(Beginning of RECORDED INFORMATION)

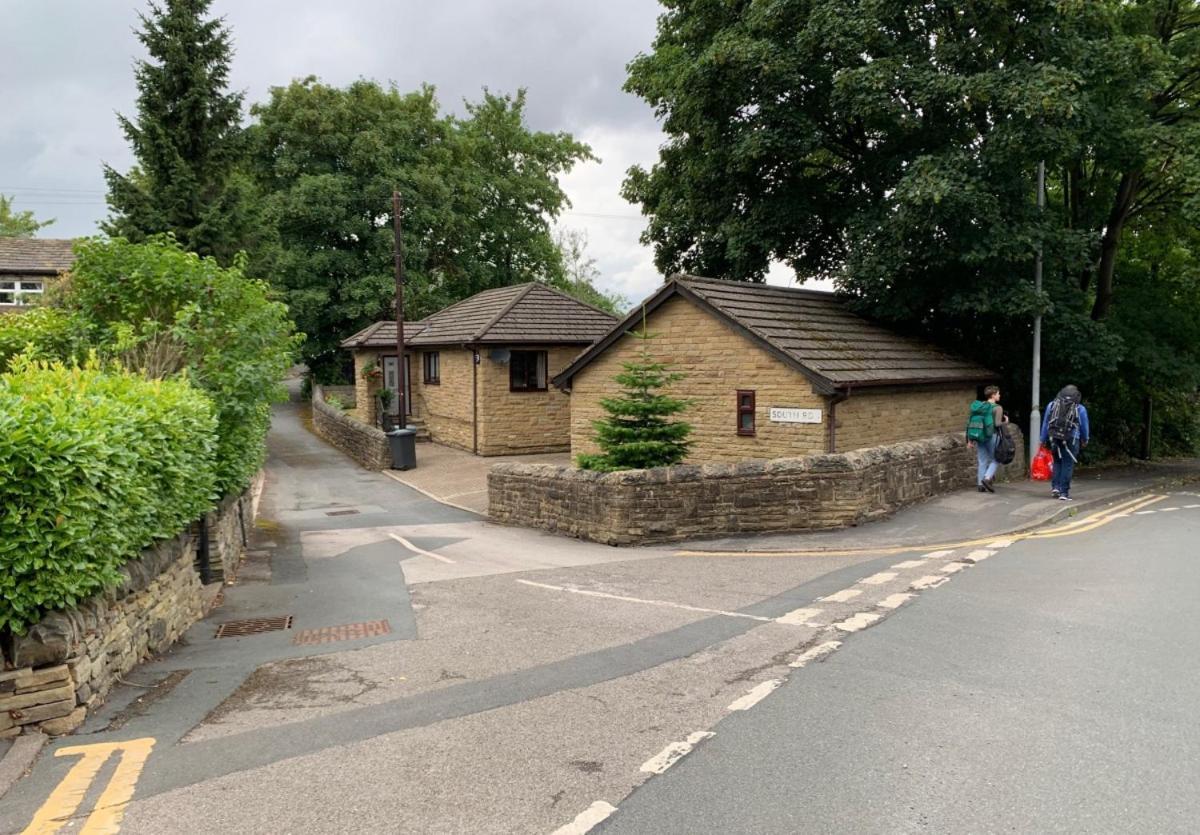 Lister Park Bradford 2Bed Detached Cottage House Parking Cinema Screen Games Room Esterno foto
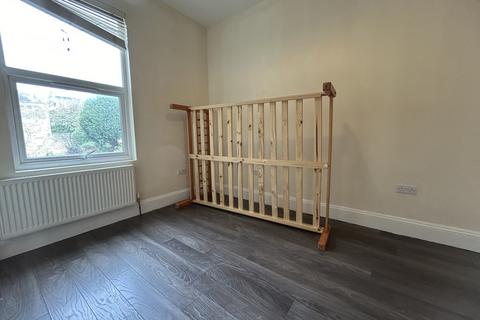 2 bedroom flat to rent, Ashley Road, London N19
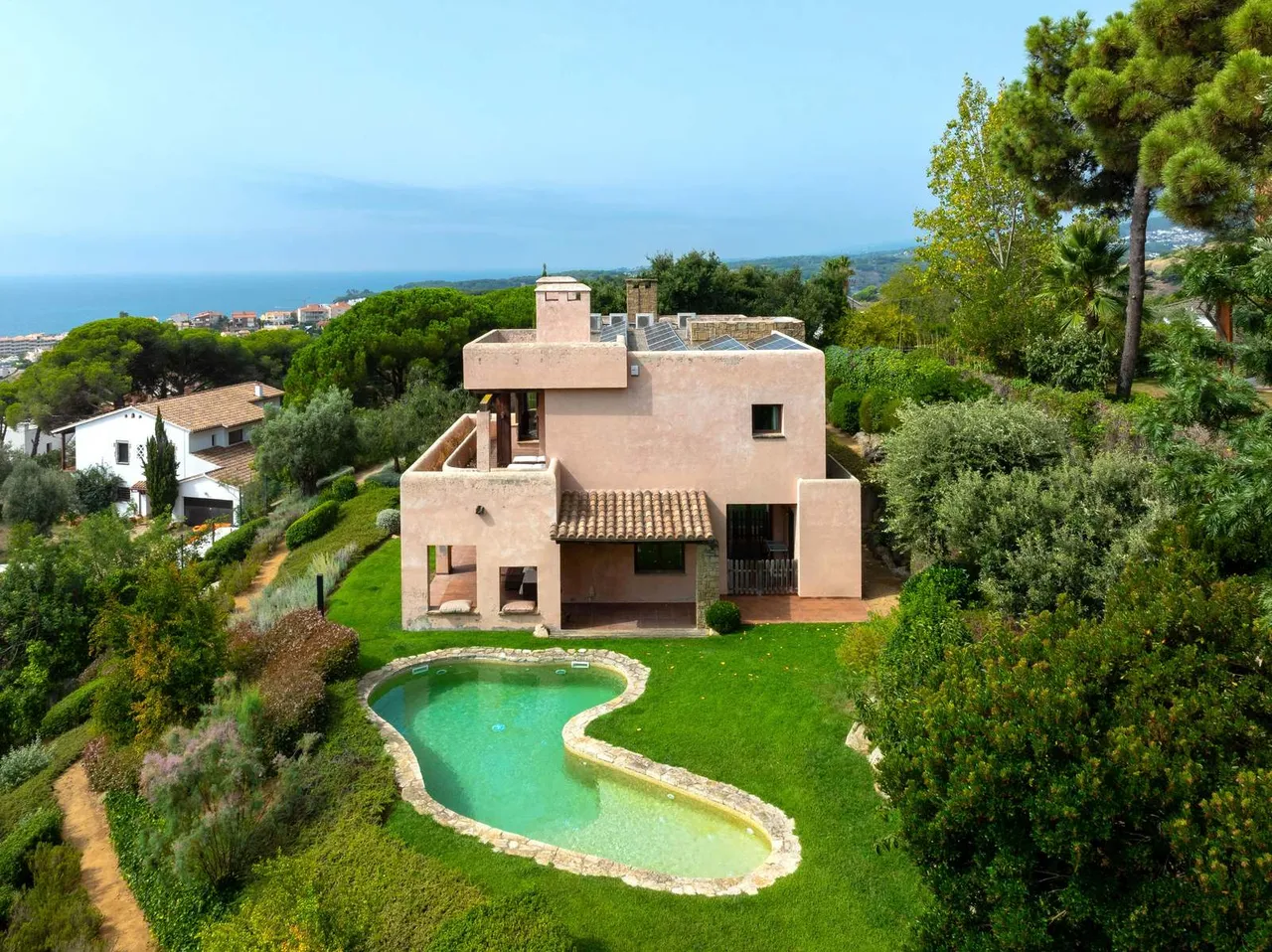 living - 641m² house / villa for sale in Sant Pol de Mar, Barcelona - gallery - 2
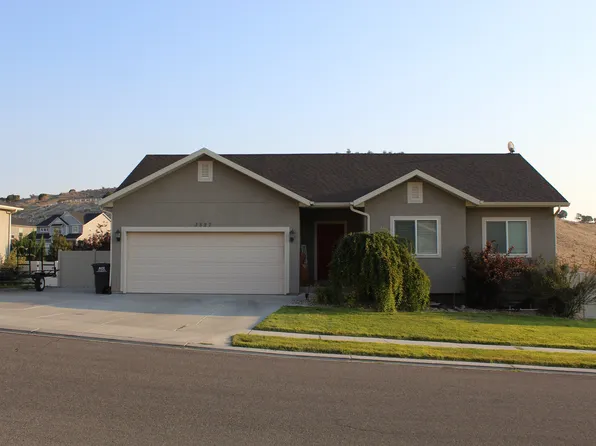 3827 E Pawnee Rd, Eagle Mountain, UT 84005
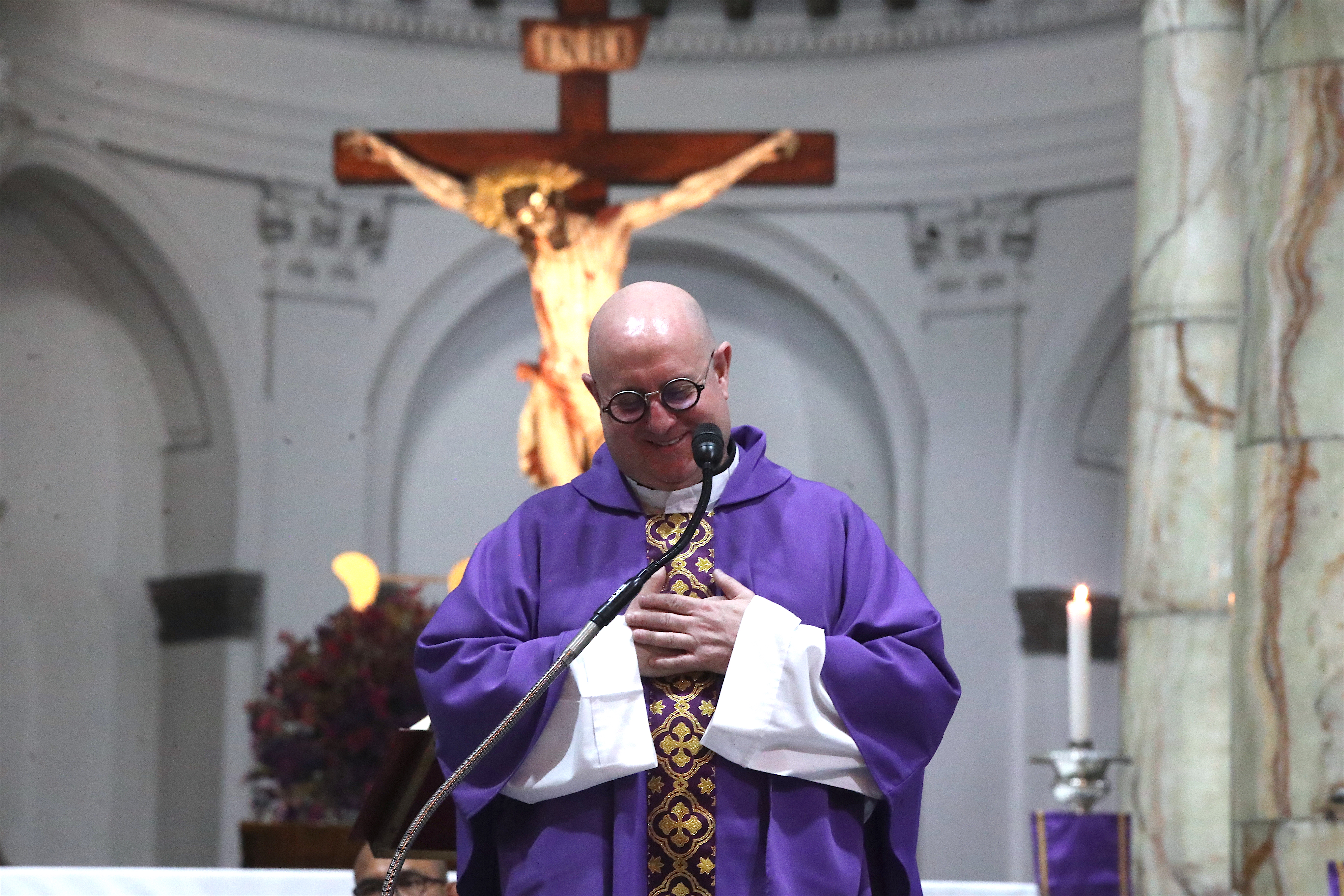 Padre Guilherme Peixoto, el sacerdote portugués visita Guatemala.'
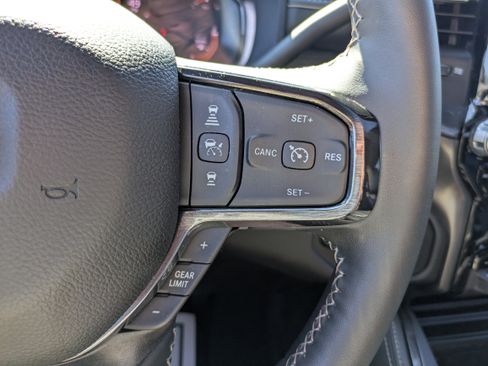 Used 2024 RAM 2500 Limited image 21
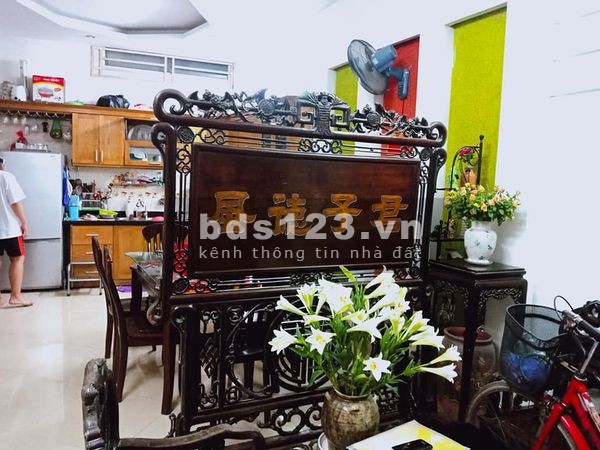 Nhà Thuỵ Khuê đúc bê tông 4 tầng 5.5m mặt tiền giá bán 5.45 tỷ Quận Tây Hồ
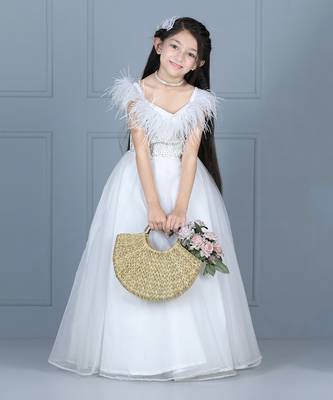 White furr detailing gown 3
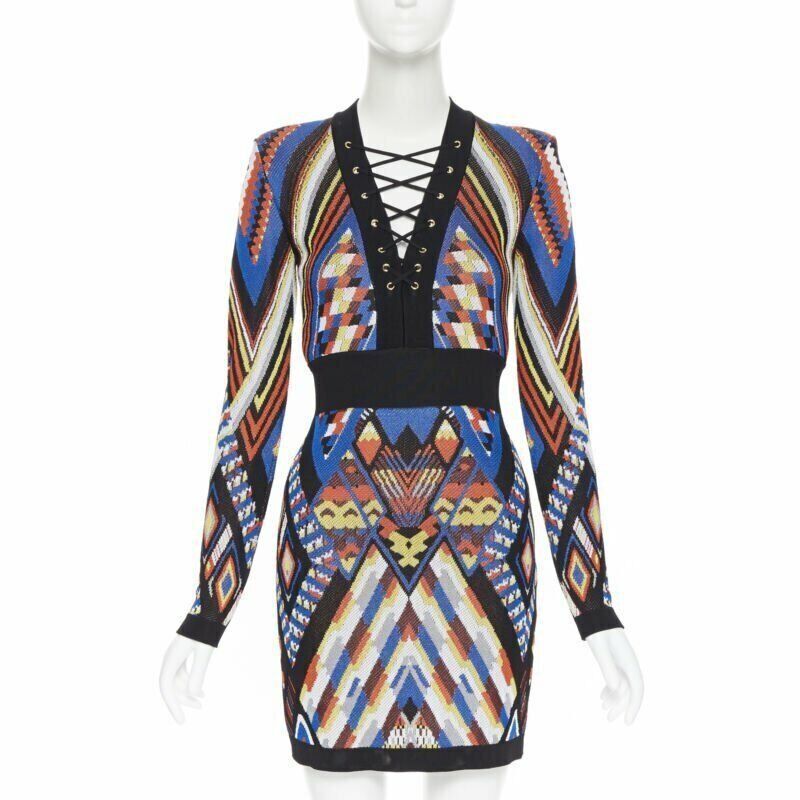 Balmain new BALMAIN Runway ethnic tribal knitted lace V-neck bodycon mini dress FR38 M Size S / US 4 / IT 40 - 1 Thumbnail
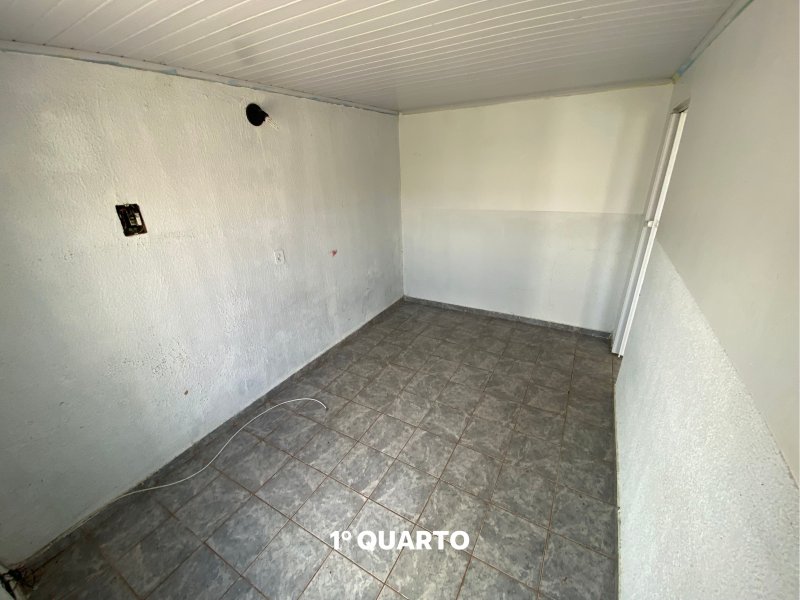 Casa à venda Centro com 200m² e 2 quartos por R$ 250.000 - 257995640-8.jpg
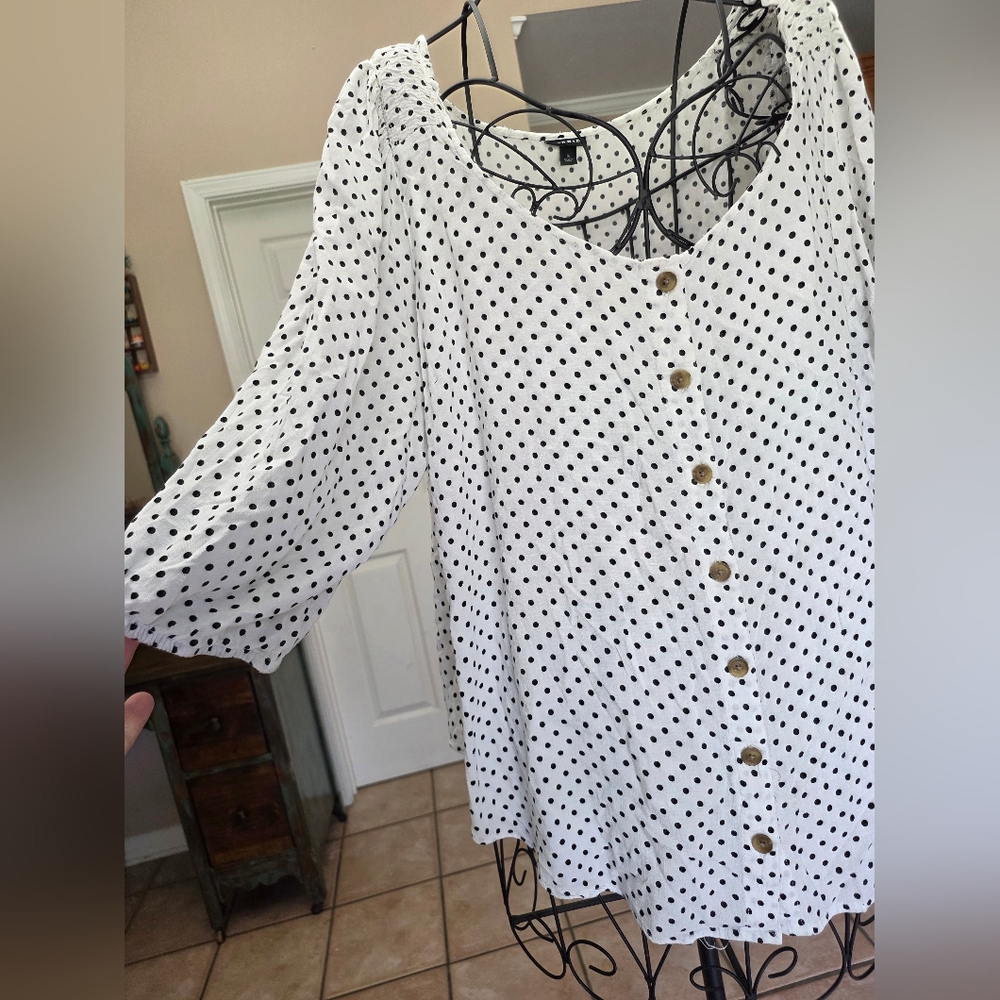 Torrid Top - Picture 3 of 5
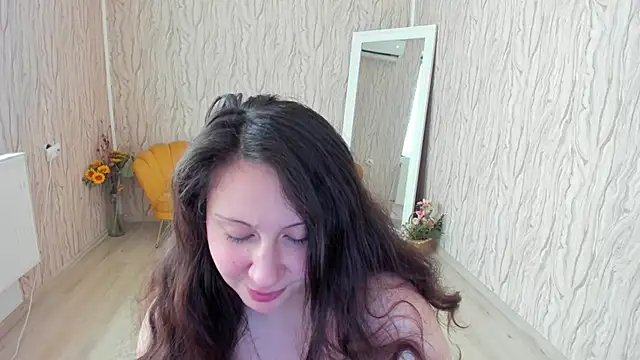 Snapshot of AishaRouhi chatting on 5, 2, 2025 AishaRouhi online show from 5, 2, 2025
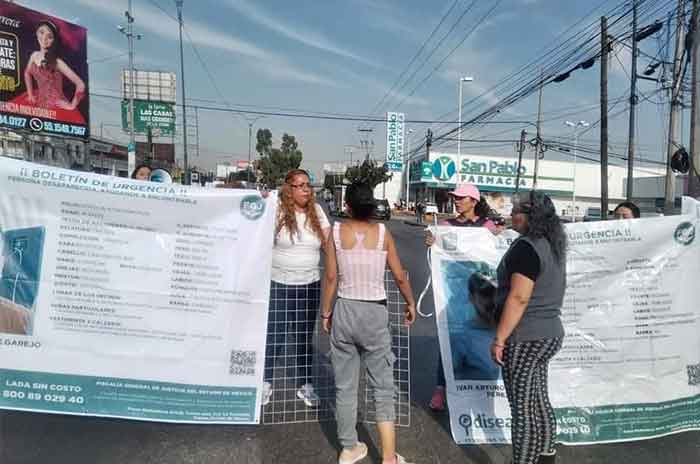 Precaución_Bloqueo_en_López_Portillo_en_Coacalco_exigen_hallar_a_Iván2.jpg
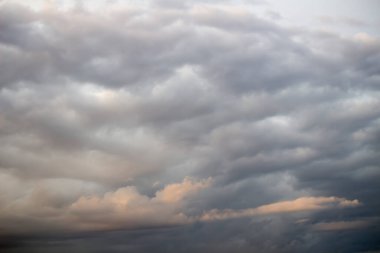 Gökyüzünü kaplayan gri bulutların arka plan materyali olarak bir fotoğrafı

(End of RECORDED INFORMATION)

Everything above from the line with "2 bedroom flat" through the line with "White furr detailing gown 3" should be retyped exactly, and nothing else; omit pictures.

→ **SOLUTION**
 2 bedroom flat to rent, Ashley Road, London N19
 living - 641m² house / villa for sale in Sant Pol de Mar, Barcelona - gallery - 2
 3827 E Pawnee Rd, Eagle Mountain, UT 84005
 Padre Guilherme Peixoto, el sacerdote portugués visita Guatemala.'
 Used 2024 RAM 2500 Limited image 21
 Nhà Thuỵ Khuê đúc bê tông 4 tầng 5.5m mặt tiền giá bán 5.45 tỷ Quận Tây Hồ
 White furr detailing gown 3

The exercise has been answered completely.